The School of the Nations, "Escola das Nações", is a bilingual (English- Portuguese) internationalist Baháʼí school in Lago Sul, in the Federal District, Brazil.

==History==
The school was founded in 1980 by two North American families of educators who envisioned building a school around a new model of international education. The basis of this model was the Baháʼí teaching of "unity in diversity".

During the 1990 International Literacy Year the school cooperated with several communities on projects, one of which included sponsorship by the Secretary of Education of the Federal District.

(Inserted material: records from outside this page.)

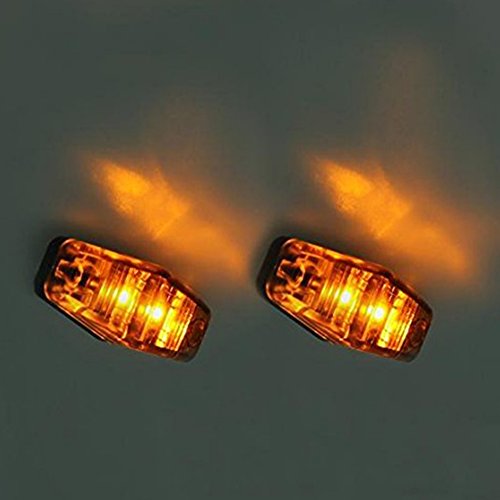 NEW SUN 6pc Amber Clearance LED Lights 2 Diode Side Fender Markers Surface Mount Design Truck Trailer Camper Lights Waterproof DOT Approved - Thumbnail 2
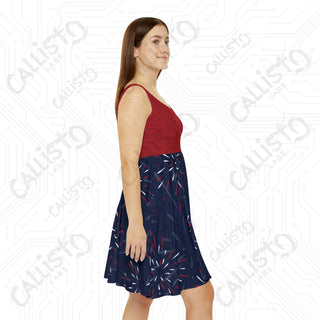 Women’s July 4th Skater Dress - Patriotic Independence Day Dress with Fireworks Design - All Over Prints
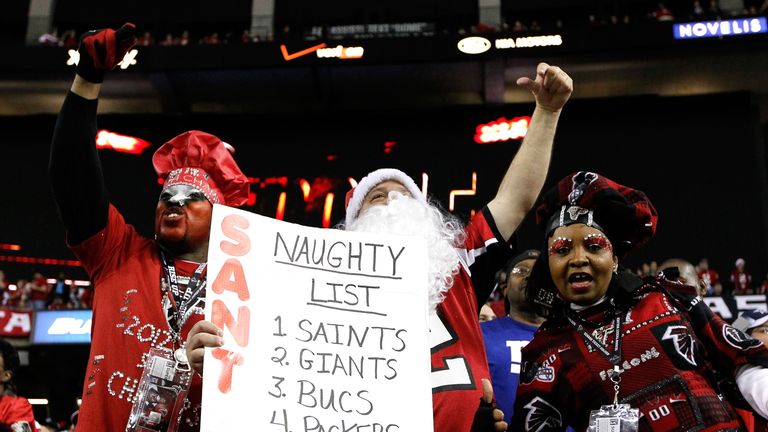 Atlanta Falcons fans doing Santa's job for him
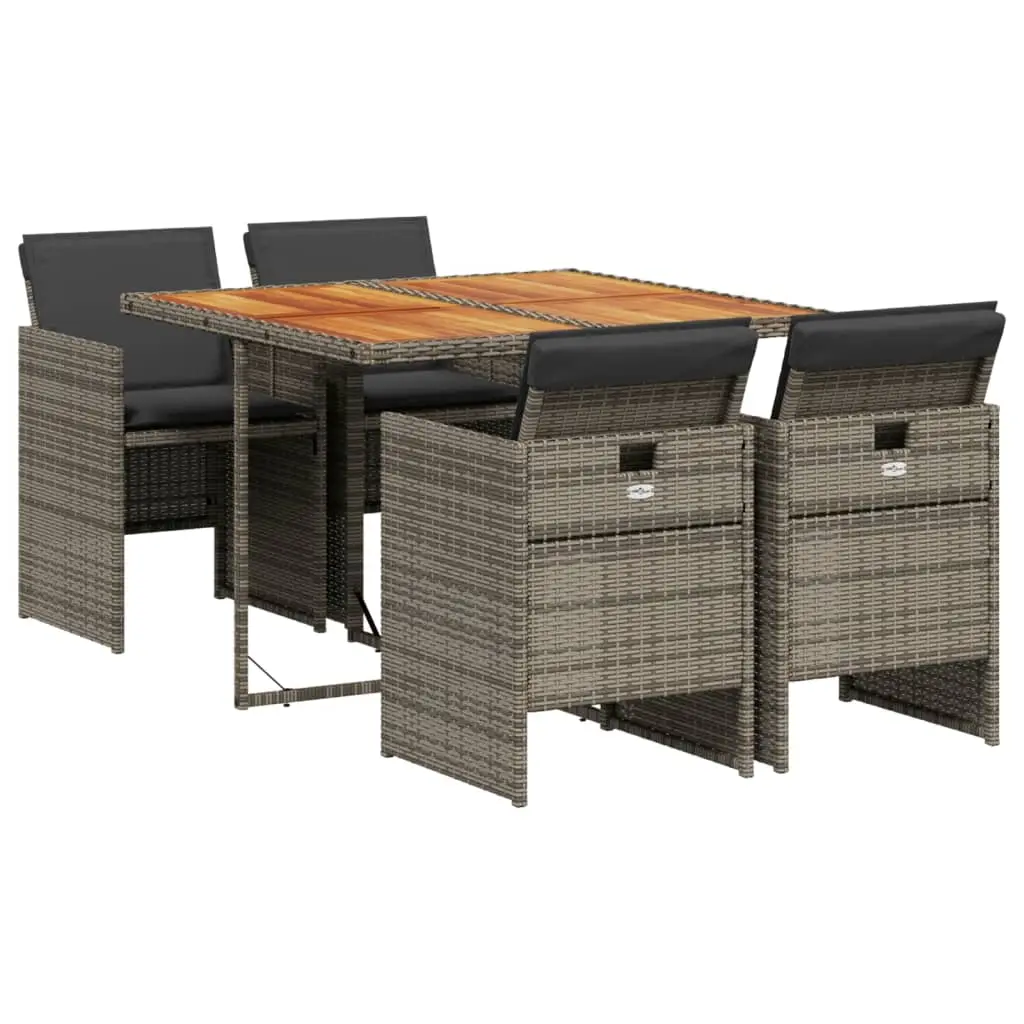 Ensemble de 5 pcs table de jardin avec chaises – mobilier de jardin coussins gris résine tressée-JU2497
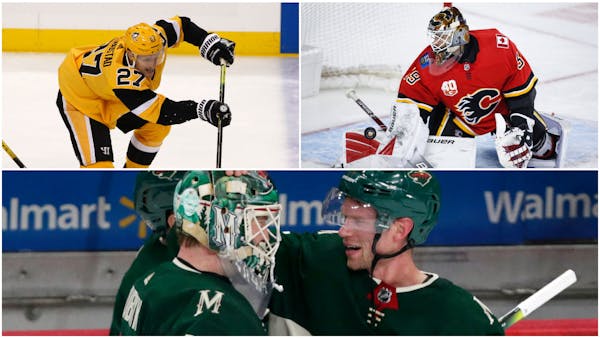 Forward Nick Bjugstad (top left) and goalie Cam Talbot (top right) are among the new Wild players who will be replacing, among others, Devan Dubnyk an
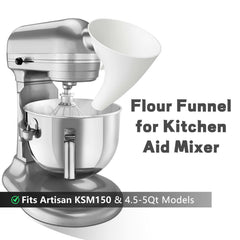 Flour funnel for 4.5–5 Qt KitchenAid mixer closeup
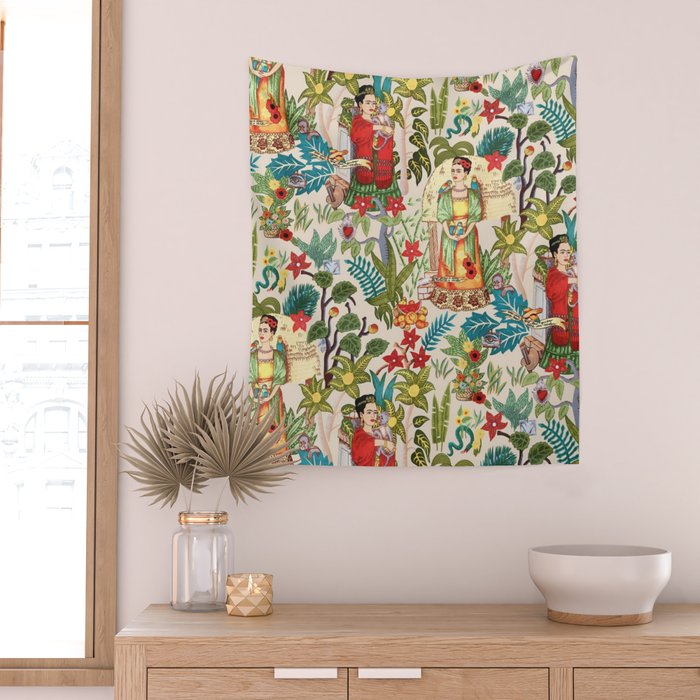 Frida's CoyoacÃ¡n Mexican Garden of Casa Azul Lush Tropical  floral painting Wall Tapestry Gallery Image 2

During a special session of the Brazilian Federal Chamber of Deputies honoring the 1996 visit of Madame Mary Rabbání, a Deputy of the Social Democratic Party (Brazil) noted the school as an example of the contributions of the Baháʼí faith in "the economic and educational fields".

==Facility==
In 2007 the school had 610 students enrolled on the two campuses: one for the Early Childhood program for students from ages 3 to 6 and the other for Elementary, Middle and High School. The school community is made up of Brazilian families, many of whom are part of diplomatic corps, as well as international families, (representing approximately 40 countries), who are connected with various embassies, multi-national companies or non-governmental organizations such as UNICEF, the World Bank and the United Nations. There are 90 teachers on the staff including assistants.